Spinal surgical retractors systems are used for retracting and maintaining soft tissues away from the surgical site to enable the surgeon to access intervertebral discs (or any other structure of the spine), for instance for removing them partially and place implants such as a cage or screws
A retractor system usually includes at least two blades having each a proximal part forming a frame, two pins having each a distal end configured to be anchored in a vertebra and a blocking mechanism for maintaining the blades at a certain distance from each other.
Retractor systems as defined above are disclosed for instance in patent documents U.S. Pat. Nos. 9,220,491 B2 and 10,470,753 B2.
In some systems each blade contains a channel that is configured to slidably hold one pin. See for instance U.S. Pat. Nos. 8,852,089 B2 and 11,426,152 B2.
In those prior art systems, the channel is oriented along a direction that is parallel to the blade direction.

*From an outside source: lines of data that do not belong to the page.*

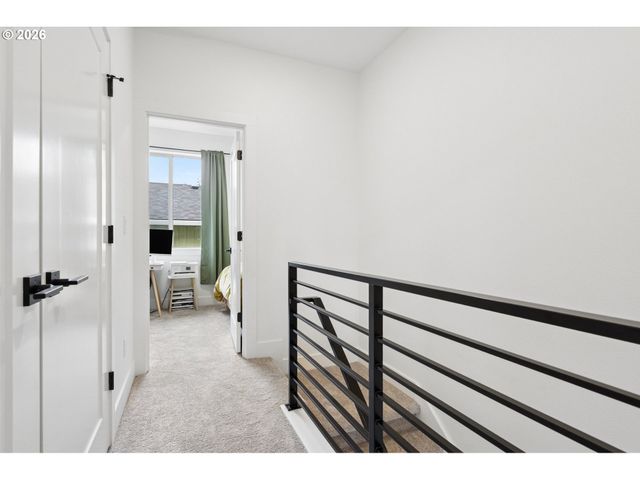 1211 N WINCHELL St 3, Portland, OR 97217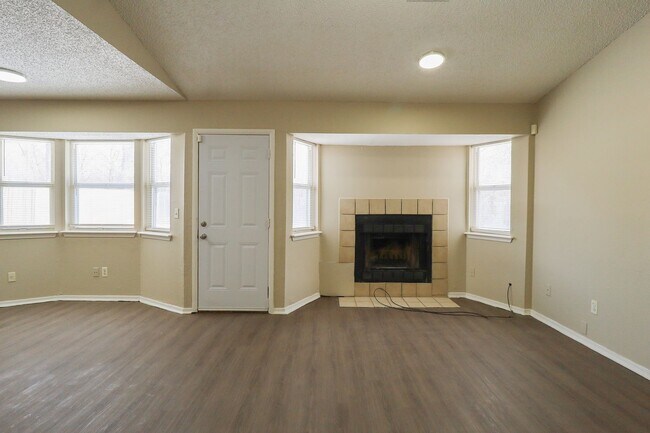 Foto del edificio - 3 Bed | 1 Bath in East Tulsa!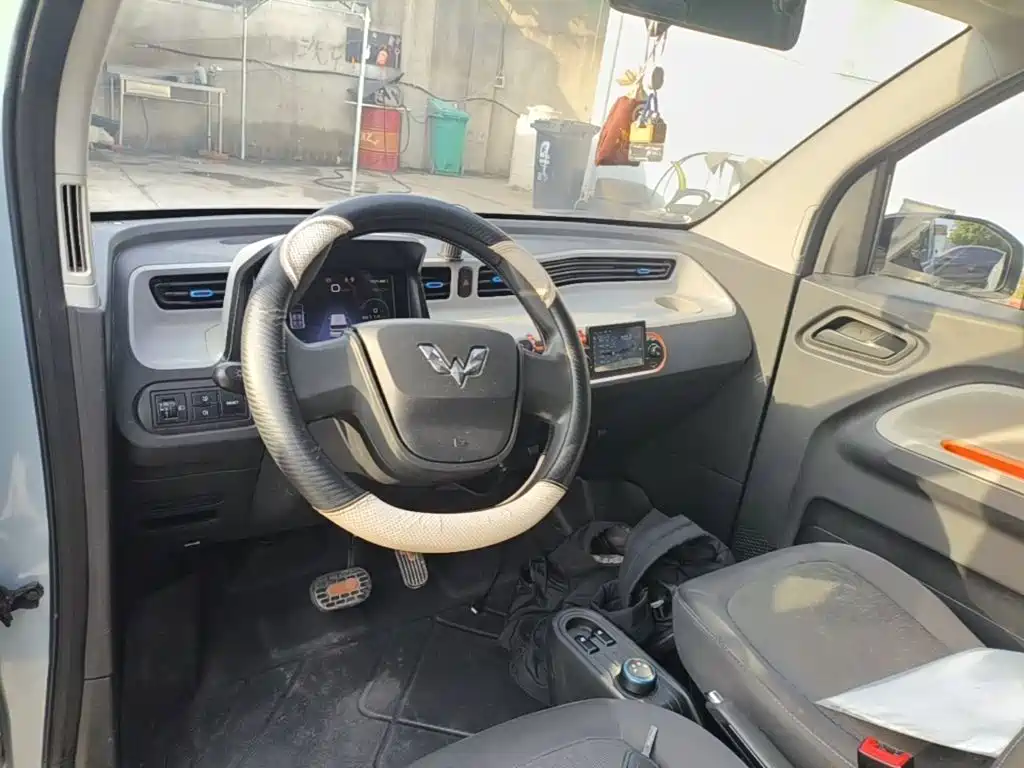 Wuling MINIEV — миниатюра 10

Shims may also be placed between the blade edges or fixed to a blade to prevent the ingress of unwanted or sensitive biological structures, such as tissues, nerves, or vessels, into the surgical target site, as well as to prevent instruments from passing outside the surgical target site and contacting surrounding tissues or structures. Such shims are disclosed in U.S. Pat. Nos. 9,220,491 B2, 10,470,753 B2 or 8,821,396 B1.
Several disadvantages are associated with prior art systems, in particular the risk of an accidental withdrawal of the blades from the surgical site, due to the pressure imparted on the blades by the surrounding tissues. In addition, the way to expand usually from the frame structure makes it necessary to have very stiff material and a potentially bulky structure.
It is also complicated, if not impossible, to maintain the blades around the surgical site and only retrieve the shims, for instance for allowing an easier access to the surgical site.
According to the present invention, several solutions are provided to overcome the drawbacks of the prior art.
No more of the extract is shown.